The role of force in myelination. (a) Molecular force generation. Cells bind ECM components through integrin receptors (represented by α and β subunits), thus increasing extracellular adhesion. Integrin activation then triggers signaling cascades involving Fyn kinase, which inhibits RhoA, thus activating ROCK and Myosin IIB. Activated Myosin IIB interacts with actin filaments and creates strong intracellular contractions, which in turn enhances extracellular attachment and possibly mediates cell differentiation.

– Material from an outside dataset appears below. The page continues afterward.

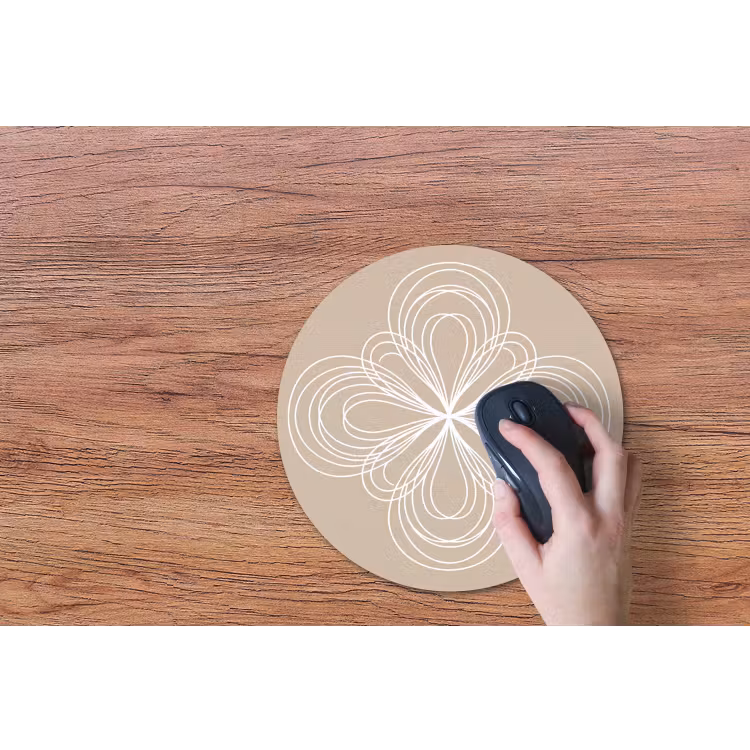 Muismat - Patroon - Lijnen - Abstract - Minimalistisch - Beige — 3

ECM and cytosol color schemes represent the force intensity generated by these molecular events, gray being weakest and red being strongest. (b) Hypothetical effects of extracellular rigidity and intracellular contractions. Optimal myelination conditions require a balance between extracellular forces mediated by matrix rigidity and intracellular forces based on actomyosin contractions (diagonal arrow). A softer matrix inhibits cell differentiation and myelination (shift to the left), which can be counteracted by myosin IIB inhibition (cells return to being balanced). Gliosis, as it occurs in MS, might represent a more rigid matrix (shift to the right), which would require stronger contractile forces to counteract.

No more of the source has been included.